> _HOW TO COMPLETE THIS TASK_: Word for word, print each line of the listing below; pictures stay out.
::::::
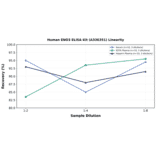 Linearity - Human ENO3 ELISA Kit (A336351) - Antibodies.com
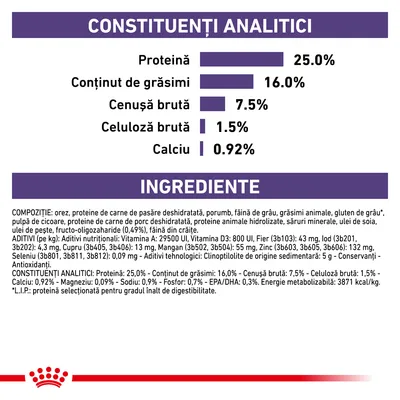 Constituenți analitici: proteină 25 %, grăsimi 16 %, cenușă brută 7,5 %, celuloză brută 1,5 %, calciu 0,92 %. Ingrediente și aditivi nutriționali listați detaliat sub aceste valori.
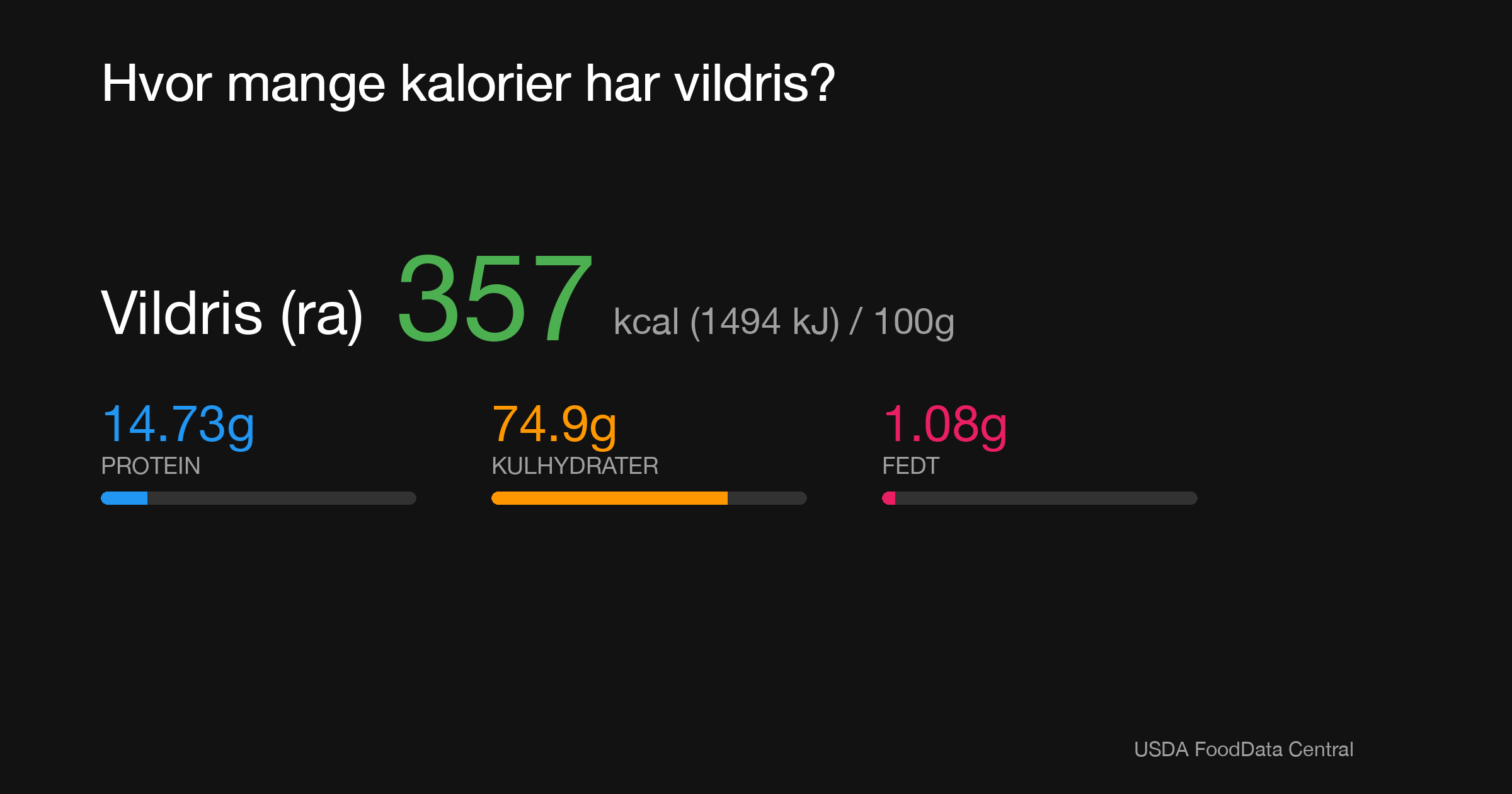 Vildris (ra): 357 kcal (1494 kJ), Protein 14.73g, Kulhydrater 74.9g, Fedt 1.08g per 100g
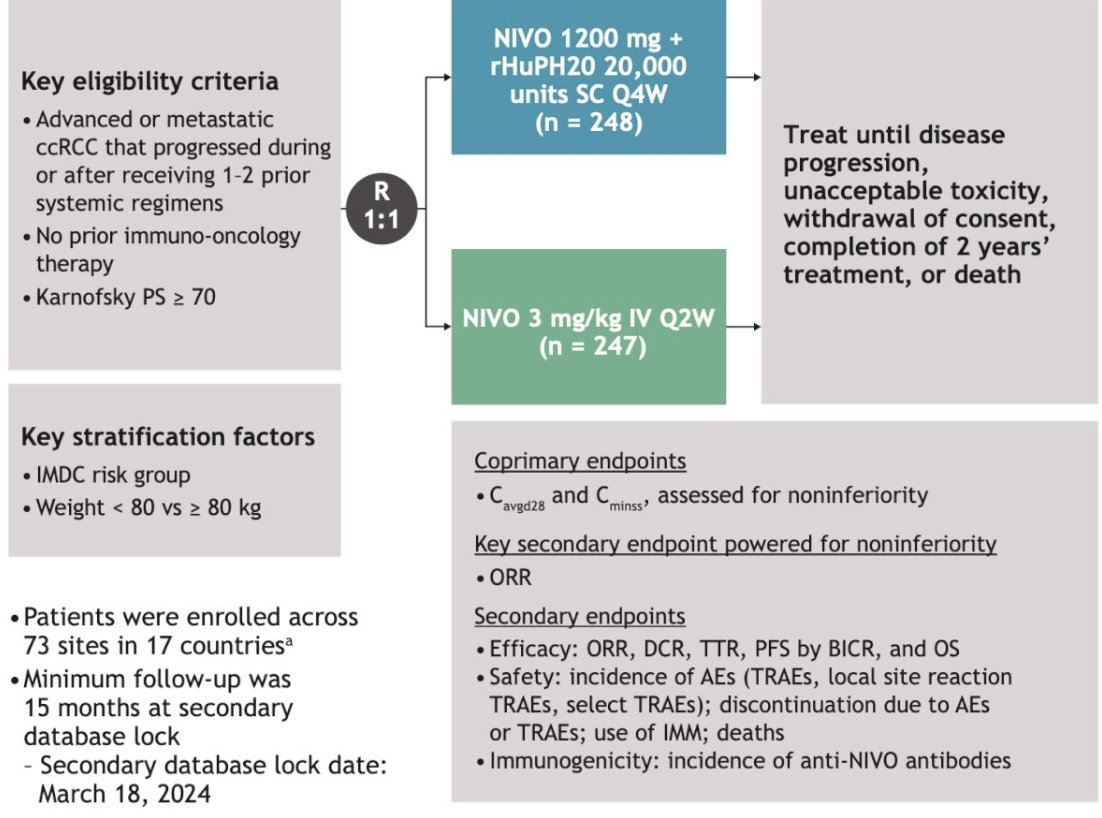 urotoday's tweet photo. Subcutaneous nivolumab vs intravenous nivolumab in patients with previously treated advanced or metastatic clear cell #RenalCellCarcinoma: updated efficacy and safety results from #CheckMate67T. Presented by @AlbigesL @GustaveRoussy > https://t.co/vFMgr1TpNT @chavarriagaj #ESMO24 https://t.co/wX9klcJT0W
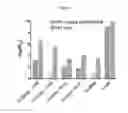 Fig. 09 - OPTIMIZED ANTIBODIES THAT TARGET CD19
::::::
> _OUTPUT FOR THIS TASK_:
 Linearity - Human ENO3 ELISA Kit (A336351) - Antibodies.com
 Constituenți analitici: proteină 25 %, grăsimi 16 %, cenușă brută 7,5 %, celuloză brută 1,5 %, calciu 0,92 %. Ingrediente și aditivi nutriționali listați detaliat sub aceste valori.
 Vildris (ra): 357 kcal (1494 kJ), Protein 14.73g, Kulhydrater 74.9g, Fedt 1.08g per 100g
 urotoday's tweet photo. Subcutaneous nivolumab vs intravenous nivolumab in patients with previously treated advanced or metastatic clear cell #RenalCellCarcinoma: updated efficacy and safety results from #CheckMate67T. Presented by @AlbigesL @GustaveRoussy > https://t.co/vFMgr1TpNT @chavarriagaj #ESMO24 https://t.co/wX9klcJT0W
 Fig. 09 - OPTIMIZED ANTIBODIES THAT TARGET CD19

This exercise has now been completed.